I may be able to help you, check your private messages (PMs).


----------



## snowshovel (May 20, 2013)

sorry for your loss. 

We recently got a puppy from von den brookfields, a breeder in mass. Very happy with the puppy (6 months) so far. You may give it a try. Except the looking (not DDR), the puppy may have everything else you want...brave, calm, smart, medium drive, healthy (so far)...and based on comments from my vet, trainer, neighbors, friends, ... good-looking.


----------



## lauren43 (Jun 14, 2014)

JakodaCD OA said:


> you could also talk to noblecraft canine she is in Canterbury. She may be able to direct you to someone , not sure if she has puppies available



That's where I'm getting my girl from! Def ask Jennifer. Though I know her dogs are more high drive, but she may be able to point you in the right direction.



Sent from Petguide.com Free App


----------



## piebald07 (Jun 10, 2014)

I am definitely looking into all the breeders that have been suggested and I appreciate everyone's replies. Thank you all very much. 

I have a notebook full of notes. 

Thank you all again, I am hopeful that we will find the perfect match for our family soon.


----------



## John C. (Mar 6, 2013)

Hi, I was exactly in the same position you are about 6 months ago and got a lot of the same recommendations you have for working line puppies. I visited Abby Kennels, and met the owner and several of his dogs, all of which I was impressed with. However, you do need to understand that these are real working dogs that are likely to have pretty high drives and a need for some outlet for those drives. Although there's going to be a certain degree of variability within any litter, even the more mellow may have higher drives that you're used to and may view your other pets as squeeky toys.

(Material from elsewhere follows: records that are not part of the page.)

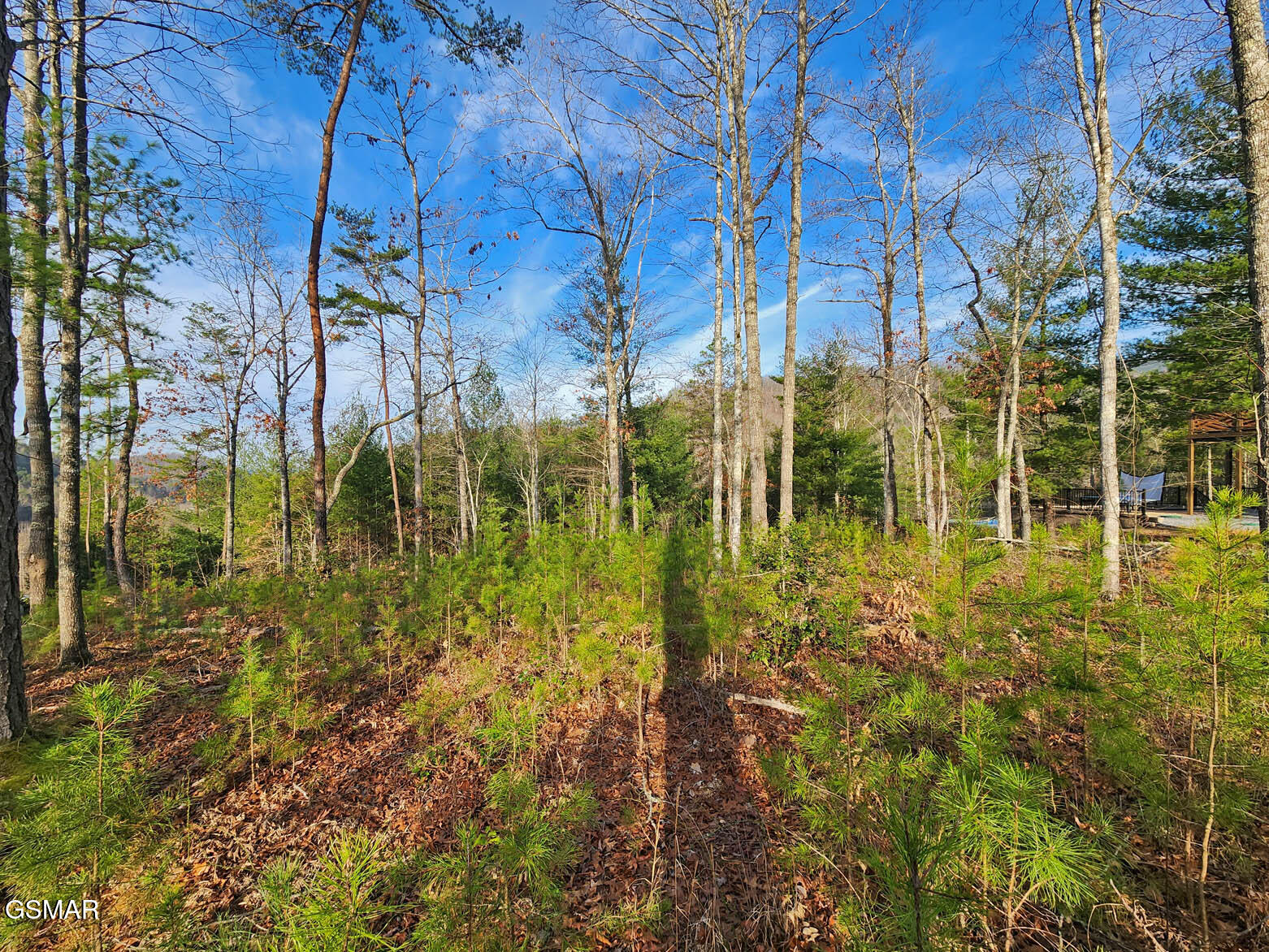 Lot 3 Mountain Ash Way Sevierville TN 37876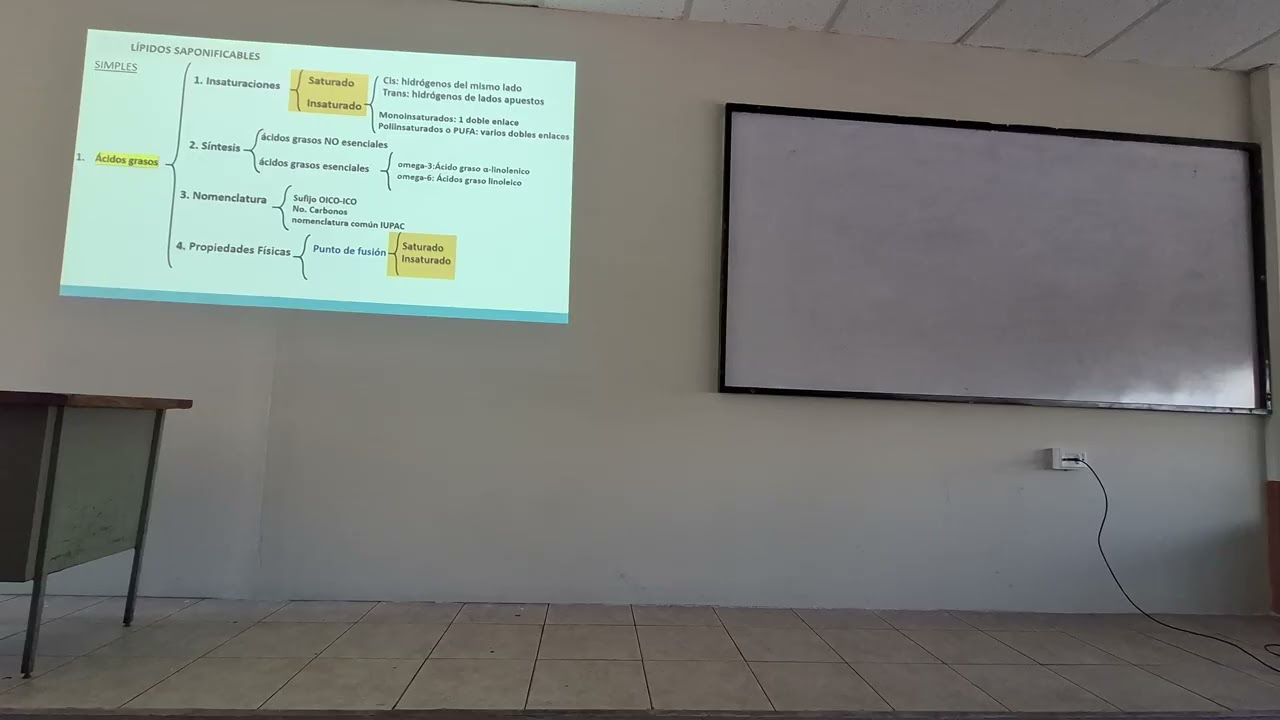 Lipidos 3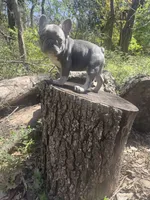 Simba , a male French Bulldog for sale in Wichita, KS – Photo 4 of 10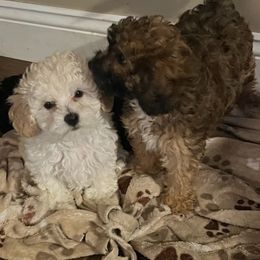 Maltipoo Puppies from Awwws-n-Pawws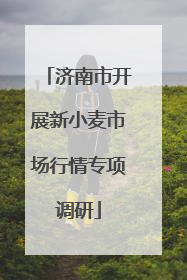 济南市开展新小麦市场行情专项调研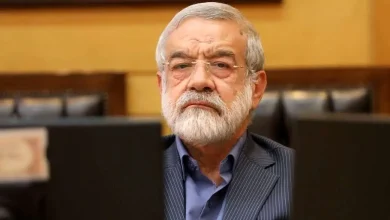 نماینده مجلس: اگر برای حجاب جریمه نباشد پس برای سارقان هم زندان را حذف کنیم!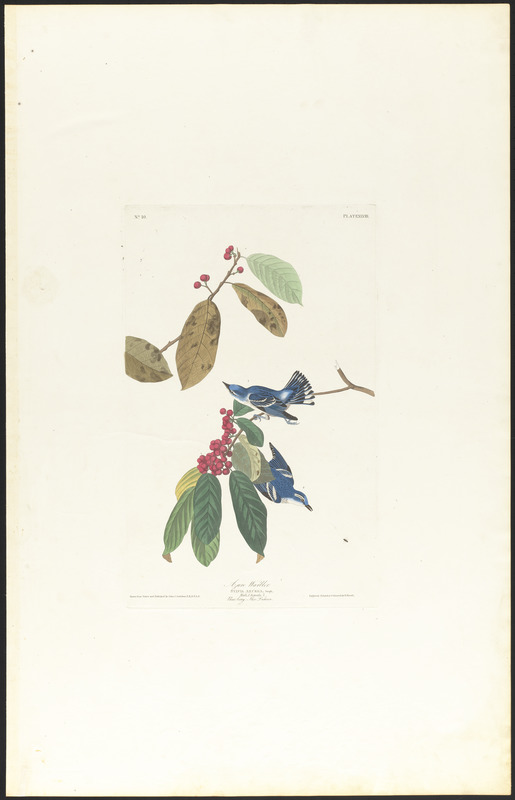 Azure warbler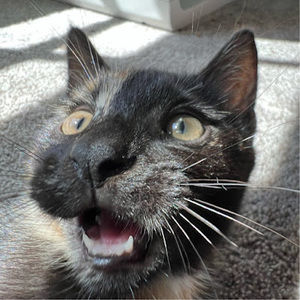 Meet your Posher, Freddie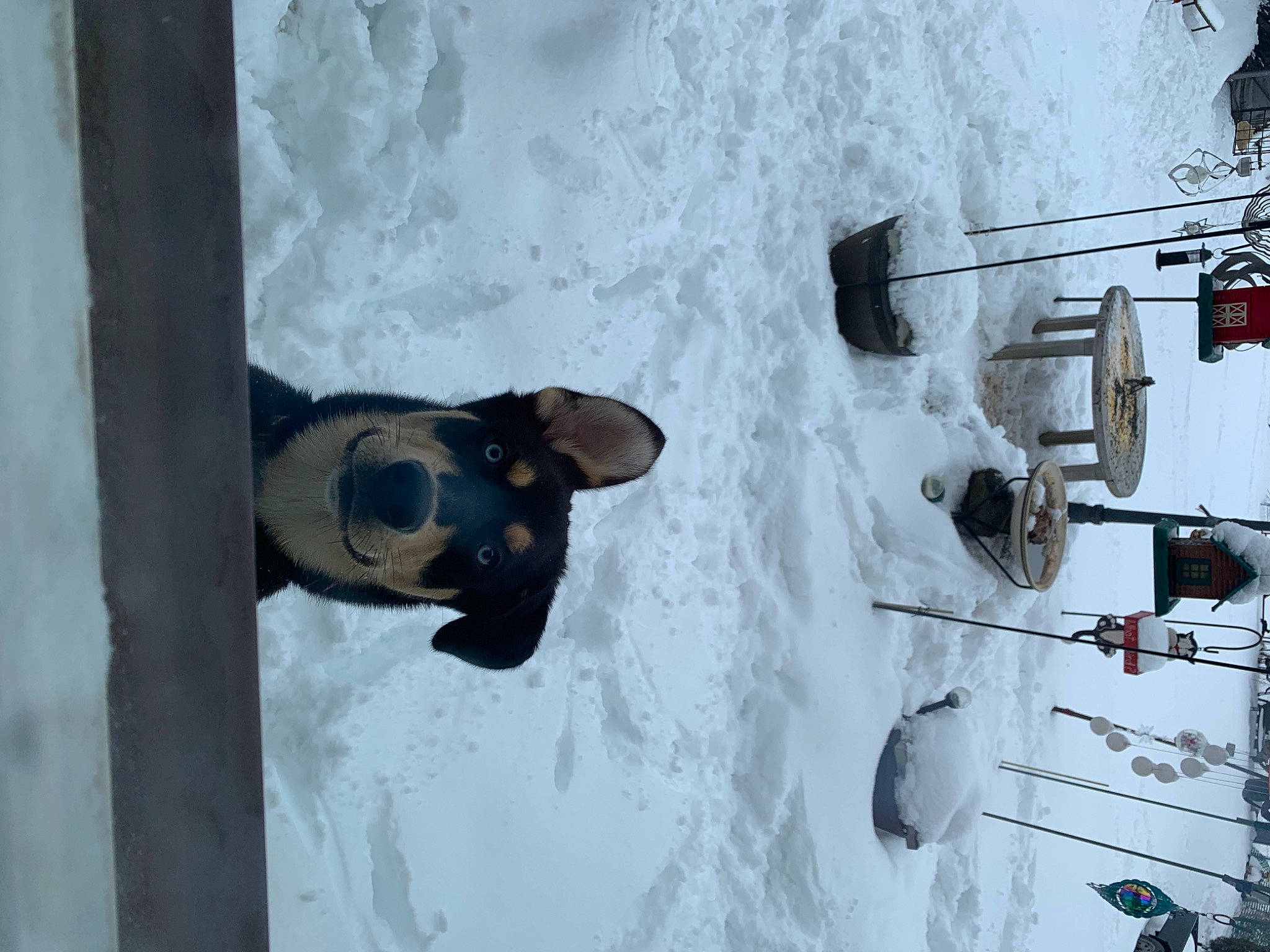 Taco joined the competition — help win amazing prizes! art, snout, wall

I also spoke with the owners of von Hena C and Ryan Haus and was very impressed with both. Both seemed to be very focused on health and temperment and I think they will work hard to match you up with a puppy that is a good fit for your family. However, as I remember, puppies from these breeders tend to go fast, so if you are interested you may have to wait a while for your pup.

Finally, let me add one more kennel to your list, Kavallarie. I was very impressed with the breeder and think she has some great dogs. However, although I have spoken with the owner at length, I have not visited her kennel or met her dogs. They may also be a good distance from where you are, as they are in northern Vermont.

Eventually I went in another direction and got a puppy from West German Show lines, who I've had for about a month and am very happy with. But if you're looking for WGSL, that's a whole other conversation.


----------



## HuskyMal89 (May 19, 2013)

I currently have a male who is still a puppy (5 months)....from timberridge farm in Saco, ME. The breeder is active in IPO and knows her stuff. She does only have Czech line dogs but they are great dogs to be around...very social and confident. All her dogs work or have done IPO work and have been HD/ED cleared. Allergies are a crap shoot but I can say that so far my male has had no problems and is very quick to learn and eager to please. Most of her pups get placed with pet homes and from what I understand do very well....especially in the lifestyle you described as yours. I will attach a photo of him for you to take a look at..good luck in your search! You could also broaden your horizons as well if you wanted...a lot of great breeders in NA with DDR dogs but not too many in New England that I know of...haven't looked hard though....


----------